Hegel, Evil, and the End of History

JVF Conference Papers

This paper investigates the twin themes of evil and history in Hegel’s Lectures on the Philosophy of World History. It explores the close linkage between Hegel’s understanding of his work as a theodicy, and his feeling that it occupies a certain “stage” of history, what some scholars have called Hegel’s “end of history” thesis.
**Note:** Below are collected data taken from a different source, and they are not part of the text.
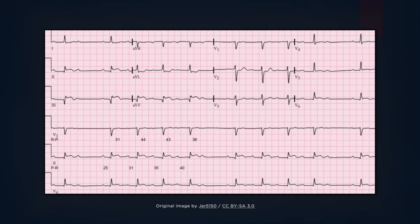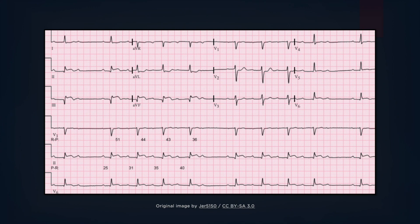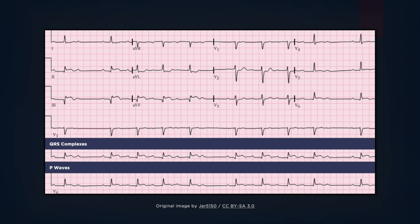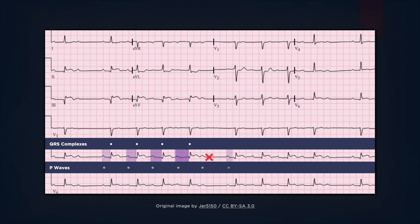In this ECG, we are going to focus on lead 2 where the P waves are best visualized. The PR intervals are gradually increasing until a P wave fails to conduct and results in a dropped beat. This pattern is characteristic of Mobitz 1. Note that within each cycle there are 5 P waves and 4 QRS complexes. Hence the AV conduction ratio is 5 to 4.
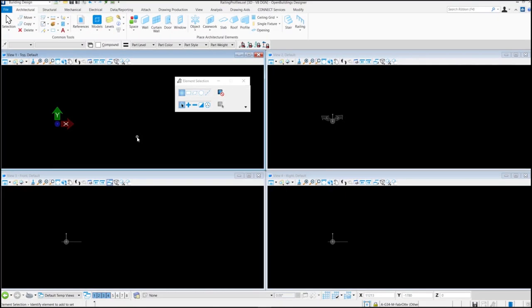Hello and welcome to another tutorial for Open Buildings Designer. I am Ranik Deeb and in this tutorial we are going to learn how to create a glass rail with wooden handrail.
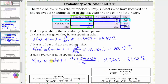We could have found this probability using the probability formula for a union, where the probability of A or B equals the probability of A plus the probability of B minus the probability of A and B. But since we have the table, I think it's easier just to use our reasoning skills to determine the probabilities. I hope you found this helpful.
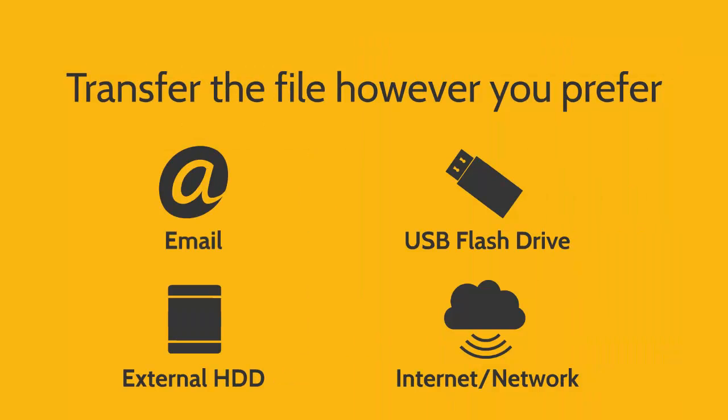Once created, you can move the transfer file using whatever method you prefer: attach it to an email, save it to a USB flash drive like I'm doing, an external hard disk drive, or transfer it using the internet or your own network.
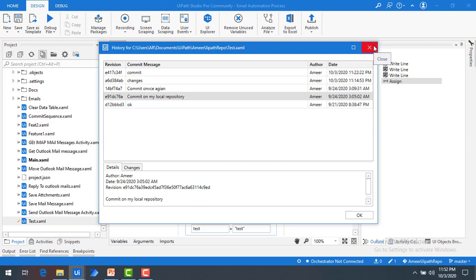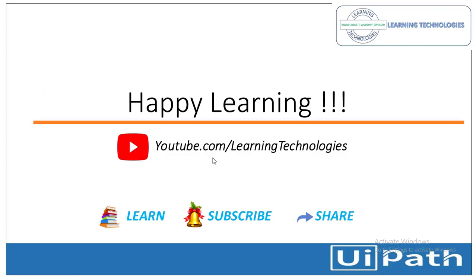So you can compare a single file across different versions using Compare with Latest, Compare with Previous, and Compare with Local. These options help you understand what kind of changes you have made on a particular file. Thank you for watching UiPath Tutorials. If you have any queries related to this concept, please post them in the comments. I'll see you in the next session — till then, bye bye, have a nice day.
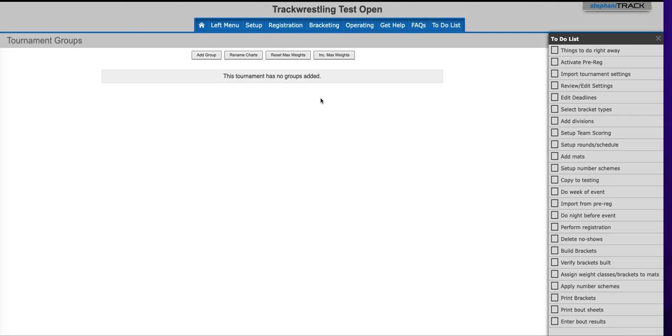Hi and welcome to this Track Wrestling help video. Here at Track Wrestling, we are committed to helping you run a great event. The purpose of this video is to give you easy step-by-step instructions to help you set up and run your best event ever.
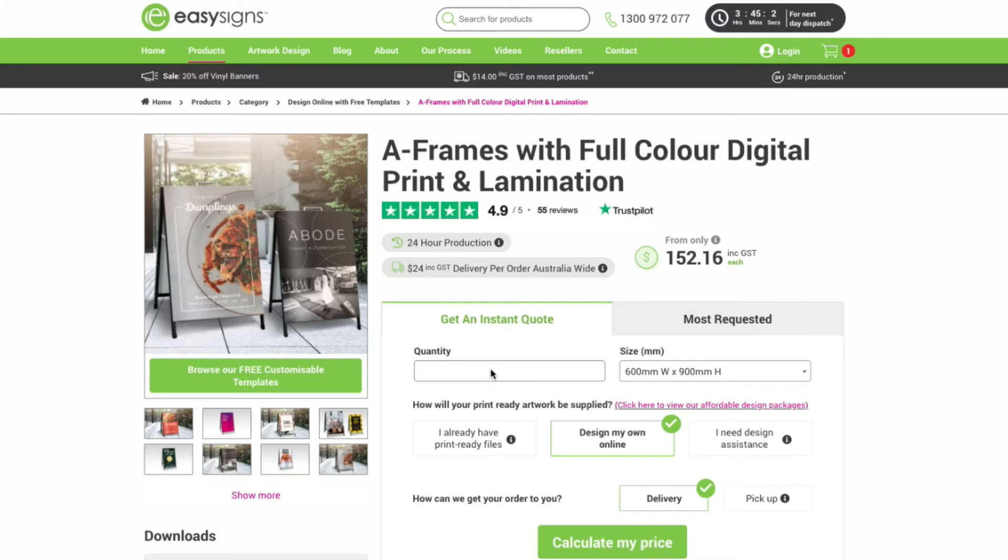Hey everyone, so today I'm going to go through the basics on how to customize one of the templates available on our online design tool. For today's tutorial we're going to use A-frames, so let's get started.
By suggesting that Hegel has no such end of history thesis in his philosophy, I will also show that reading Hegel’s philosophy as a theodicy is equally problematic. Or, more accurately, since Hegel saw no need to offer a final answer to the question of historical progress (though he certainly felt entitled to say why it had turned out as it had up to his time), his claims to offer a theodicy are rather hollow and actually run counter to his openness to the future. What I address in this paper is the “hard” claim that Hegel believed history to have come to an end with his philosophy, that no further progress was possible for world history, defined as “the progress of the consciousness of freedom,” and not the “softer” claim that his philosophy was the culmination of Spirit’s work on the world stage, and that all the pieces were in place for the final realization of history’s goals. I think it evident that he did believe the latter; there is little serious evidence that he ever held the former view, however.

This being the case, Hegel’s strong claim regarding his philosophy of history as a theodicy has serious flaws. I conclude the paper with a sketch of what I call finite or local theodicies, and a suggestion that such theodicies (not theodicies at all in the traditional sense) offer a way forward for the philosophical problem of evil because they are ethical rather than metaphysical in their makeup.